Five, cost controls, should be directed at both providers and consumers. Among the specific measures needed with respect to the providers: fixed rates or prices for all provider services-all, not just hospitals, but all, both institutional and individual practitioners. I realize the word "prospective" is the "in" word today. It is a euphemism, I think. The important thing is that the rate be firmly fixed for an agreed period of time.

There are numerous acceptable methodologies for establishing such rates. The DRG or per case method is certainly one. I do not think it is applicable in all cases. There are cases-long-term care, for example-where per diem is more appropriate than the per case rate.

In the case of practitioners, sometimes fee-for-service is appropriate. It is not the only culprit in the cost rise. Salary or capitation may be better in other cases. In all cases, whatever methodology is used, it must be, fixed for a definite period of time, even if it is just 1 or 2 years. And preferably, rather than being imposed by one side or the other, the ratio should be negotiated and renegotiated in the tradition of American collective bargaining by the principal provider and payer organizations.

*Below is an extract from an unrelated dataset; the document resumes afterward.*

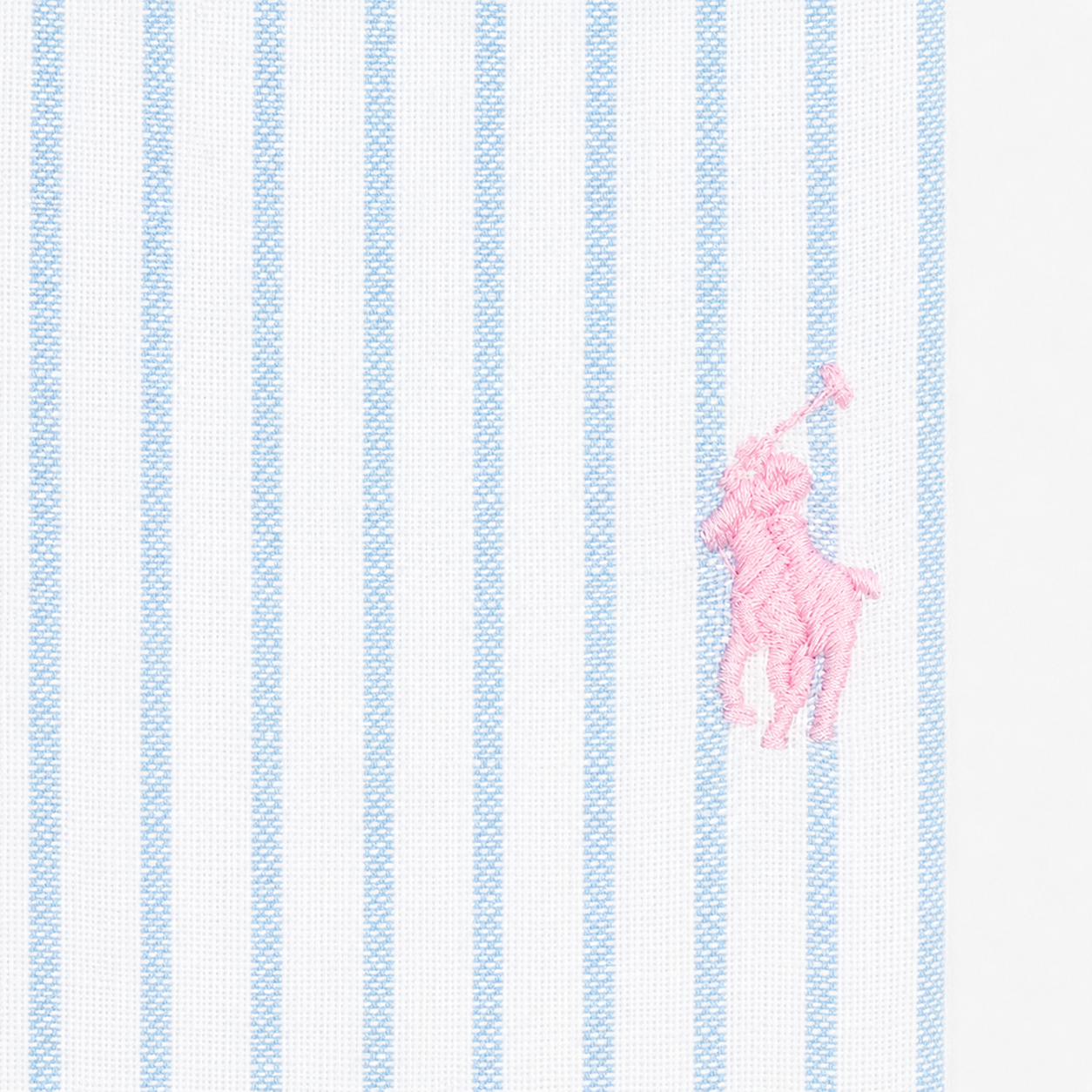 Ralph Lauren Linnen Overhemd Lichtblauw Gestreept | Slim Fit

Assignment provisions, as you have already discussed, obviously also need tightening up.

Let us turn to consumers. Reasonable cost-sharing provisions, ranging from zero deterrence or even financial inducements for certain preventive services-where societal considerations are overriding-to some degree of deterrence for certain high-technology services-which, of necessity will have to be rationed in one way or another. The artificial heart, if it ever works, is an obvious example.

Six, with respect to benefits, the existing bias toward acute inpatient care should be reversed to emphasize primary care, the latter defined to include appropriate preventive services, and long-term care-the modalities most appropriate to the new picture of chronic disease.

Specifically, the existing section 1862 prohibition on preventive and custodial-a euphemism for long-term care should be removed; the Secretary of HHS should be instructed to establish schedules of reimbursible, professionally approved periodic preventive services. Such schedules should be reviewed periodically and revised as appropriate-perhaps every 5 years.

All medicare beneficiaries should be encouraged, to undergo a health assessment by an appropriate primary care practitioner or

group at the onset of medicare eligibility, and to remain in periodic contact with that practitioner or group before resorting to any specialized care.

The Secretary of HHS should be instructed to establish a schedule of reimbursible professionally approved long-term care services, both institutional and noninstitutional. Noninstitutional, of course, means primarily home care; institutional means nursing home care. Such schedules should be reviewed periodically and revised as appropriate, perhaps every 5 years.

Existing medicaid responsibilities and Federal funds now budgeted for long-term care through medicaid should be transferred to medicare for this purpose.

Objections to this approach to medicare reform may be anticipated from many who are happy with the status quo, as well as from some who would like to demolish medicare altogether. But the status quo is, as you have pointed out, financially untenable for more than a very few years, and the real medicare wreckers have no serious political support at the present time. Too many providers, as well as nearly all elderly consumers, are too dependent on the program.

The practical question then is how to put together a reform package made up of many different components which addresses the major programatic deficiencies as fairly and as painlessly as possible.

The suggested package, I submit, provides at least a pragmatic beginning for a politically and financially viable compromise which protects the idealistic vision of the original medicare program while introducing fiscal responsibility and realining benefits in keeping with changing demographic, epidemiologic, and technological developments. Thank you very much.